Ehrenamtliche Mitarbeit als Stütze des Systems

Der Betrieb des Lebensmittelgeschäfts soll ganz in die Hände der Freiwilligen gelegt werden, deren Aufgabengebiete nach Verfügbarkeit, Interesse und Qualifikation aufgeteilt werden. Um verantwortungsvolles Handeln beim Betrieb zu fördern, rotiert die Tagesführung.

Zusätzlich bekommen die ehrenamtlichen Mitarbeiter einen hauptamtlichen Kollegen zur Seite gestellt, der sich der nötigen kontinuierlichen Koordinationsaufgaben annimmt. Als Backoffice des Projekts ist er zentraler Ansprechpartner für die Gemeindeverwaltung und kümmert sich um Einkaufsplanung, Marketing, Finanzcontrolling, Vernetzung und Mitarbeiterkoordination.

Gemeindeinterne Zusammenarbeit wird großgeschrieben

Die Gemeindebevölkerung soll sich als Teil des Ganzen fühlen, bei der Neugestaltung der Geschäftsräumlichkeiten mitwirken, sich beim Trägerverein engagieren oder auch nur durch den Erwerb von Einkaufsgutscheinen (mit einer Gültigkeitsdauer von fünf Jahren) das Projekt ermöglichen und mitfinanzieren. Denn ohne ein klares Bekenntnis zum und eine aktive Beteiligung am Projekt von Seiten der Bevölkerung ist das Konzept nicht realisierbar. 

Regionalität und Engagement garantieren Einkaufsanreize

Produkte aus der Region sollen im Verkauf besonderer Stellenwert gegeben werden. Aktionen wie ein "regionaler Samstag", auf dem die lokalen und regionalen Anbieter den Kunden direkt ihre Produkte näherbringen können, sind wichtig für die Kundenbindung und Qualitätssicherung. Immer präsent ist dabei die persönliche Involvierung der Gemeindebevölkerung, die identitätsstiftend wirkt. Aber auch dem Trend zu großen Lebensmittelketten vor den Toren der Stadt, die gerade von den Pensionisten schwer erfüllbare Mobilität verlangen und den lokalen Handel einschränken, kann so entgegengearbeitet werden.

Welche Aufgaben fallen der Gemeinde dabei zu?

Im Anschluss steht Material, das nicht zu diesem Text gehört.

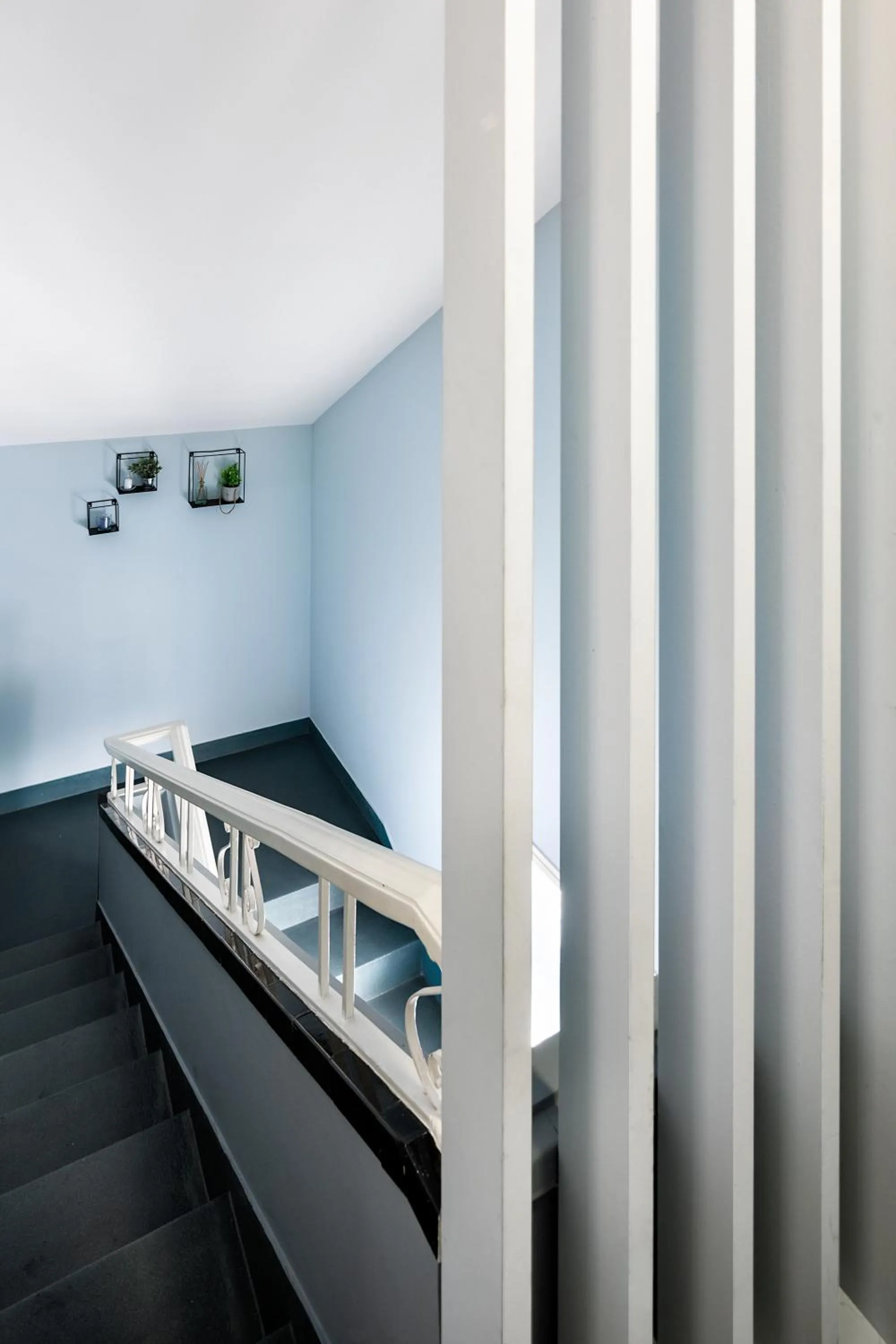 Property building, Bed in JR Studios & Suites I Rius I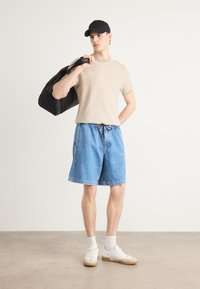 T-shirt beige à manches courtes, shorts en denim bleu, baskets blanches avec semelles en gomme et une casquette noire. Le modèle tient un sac noir.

Die Gemeinde hat bei dem Projekt die wichtige Aufgabe, das rechtliche Fundament zu schaffen. Geplant ist, dass die Gemeinde die finanzielle Verantwortung für einen neu geschaffenen Trägerverein für das Projekt übernimmt. So können etwaige Risiken für Vereinsmitglieder und Mitarbeiter ausgeschlossen werden. Gemeinden, in denen dieses System schon erfolgreich existiert, sind unter anderem Piberbach, Schiedlberg, St. Thomas am Blasenstein und Vorderstoder. Außerdem soll die Gemeinde sich um die Bereitstellung eines Standorts kümmern, so dass keine Investitions- und Mietkosten entstehen.

Wie kann die Gemeinde am Projekt teilnehmen?

Besteht Interesse an dem Projekt, können bei einem unverbindlichen Treffen mit Peter Schauer die spezifischen Rahmenbedingungen in der Gemeinde und alle wichtigen Parameter für die Umsetzung besprochen werden. Dabei müssen vor allem das aktuelle Einkaufsverhalten und die Konsumbedürfnisse der Bevölkerung, die Größe und Sozialstruktur der Gemeinde, aber auch das Einzugsgebiet und die Distanz zum nächsten Nahversorger evaluiert werden. Schauer wird mit seinem Fachwissen der Gemeinde zur Seite stehen und eine maßgeschneiderte Konzeptimplementierung gemeinsam mit der Gemeinde erarbeiten. Denn "im Tun merkt man erst, was relevant ist".